Chandrasekhar number: Difference between revisions

Latest revision as of 00:10, 19 July 2013

Optimal matching is a sequence analysis method used in social science, to assess the dissimilarity of ordered arrays of tokens that usually represent a time-ordered sequence of socio-economic states two individuals have experienced. Once such distances have been calculated for a set of observations (e.g. individuals in a cohort) classical tools (such as cluster analysis) can be used. The method was tailored to social sciences^[1] from a technique originally introduced to study molecular biology (protein or genetic) sequences (see sequence alignment). Optimal matching uses the Needleman-Wunsch algorithm.

Algorithm

Let $S = (s_{1}, s_{2}, s_{3}, \dots s_{T})$ be a sequence of states $s_{i}$ belonging to a finite set of possible states. Let us denote $S$ the sequence space, i.e. the set of all possible sequences of states.

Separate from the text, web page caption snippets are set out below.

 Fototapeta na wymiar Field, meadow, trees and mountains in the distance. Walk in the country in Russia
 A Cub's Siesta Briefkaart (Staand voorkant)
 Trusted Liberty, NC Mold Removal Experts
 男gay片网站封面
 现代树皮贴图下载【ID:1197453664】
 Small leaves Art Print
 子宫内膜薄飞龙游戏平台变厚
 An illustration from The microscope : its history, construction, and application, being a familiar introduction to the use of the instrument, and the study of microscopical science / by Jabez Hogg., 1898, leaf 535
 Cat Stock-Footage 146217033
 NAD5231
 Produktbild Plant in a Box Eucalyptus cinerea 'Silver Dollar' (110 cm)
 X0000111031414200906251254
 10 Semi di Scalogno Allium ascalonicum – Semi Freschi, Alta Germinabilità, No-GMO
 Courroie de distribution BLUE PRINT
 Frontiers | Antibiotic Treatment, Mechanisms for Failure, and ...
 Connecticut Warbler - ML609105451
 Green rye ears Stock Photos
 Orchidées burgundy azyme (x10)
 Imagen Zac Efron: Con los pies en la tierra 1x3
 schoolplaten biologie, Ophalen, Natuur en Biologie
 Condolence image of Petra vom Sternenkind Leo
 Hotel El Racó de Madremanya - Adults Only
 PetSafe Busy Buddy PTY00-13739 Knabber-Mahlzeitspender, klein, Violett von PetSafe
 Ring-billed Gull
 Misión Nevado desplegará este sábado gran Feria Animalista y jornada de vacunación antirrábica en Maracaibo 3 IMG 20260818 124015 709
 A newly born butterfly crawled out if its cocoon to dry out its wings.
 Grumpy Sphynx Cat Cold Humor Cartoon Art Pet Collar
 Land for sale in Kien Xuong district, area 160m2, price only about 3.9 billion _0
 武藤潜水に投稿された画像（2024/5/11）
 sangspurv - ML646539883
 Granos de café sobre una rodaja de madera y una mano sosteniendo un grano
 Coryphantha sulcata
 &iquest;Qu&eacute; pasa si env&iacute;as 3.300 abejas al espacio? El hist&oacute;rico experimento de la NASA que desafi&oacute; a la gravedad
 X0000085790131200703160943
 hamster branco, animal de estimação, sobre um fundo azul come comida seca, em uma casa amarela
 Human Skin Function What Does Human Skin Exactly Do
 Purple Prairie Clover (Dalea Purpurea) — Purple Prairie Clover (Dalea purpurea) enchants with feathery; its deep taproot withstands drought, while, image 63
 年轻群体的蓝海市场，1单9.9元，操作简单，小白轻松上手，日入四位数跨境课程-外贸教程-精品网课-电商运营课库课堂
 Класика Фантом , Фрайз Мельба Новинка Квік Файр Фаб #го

Optimal matching algorithms work by defining simple operator algebras that manipulate sequences, i.e. a set of operators $a_{i} : S \to S$ . In the most simple approach, a set composed of only three basic operations to transform sequences is used:

one state $s$ is inserted in the sequence $a_{s^{'}}^{I n s} (s_{1}, s_{2}, s_{3}, \dots s_{T}) = (s_{1}, s_{2}, s_{3}, \dots, s^{'}, \dots s_{T})$
one state is deleted from the sequence $a_{s_{2}}^{D e l} (s_{1}, s_{2}, s_{3}, \dots s_{T}) = (s_{1}, s_{3}, \dots s_{T})$ and
a state $s_{1}$ is replaced (substituted) by state $s'_{1}$ , $a_{s_{1}, s'_{1}}^{S u b} (s_{1}, s_{2}, s_{3}, \dots s_{T}) = (s'_{1}, s_{2}, s_{3}, \dots s_{T})$ .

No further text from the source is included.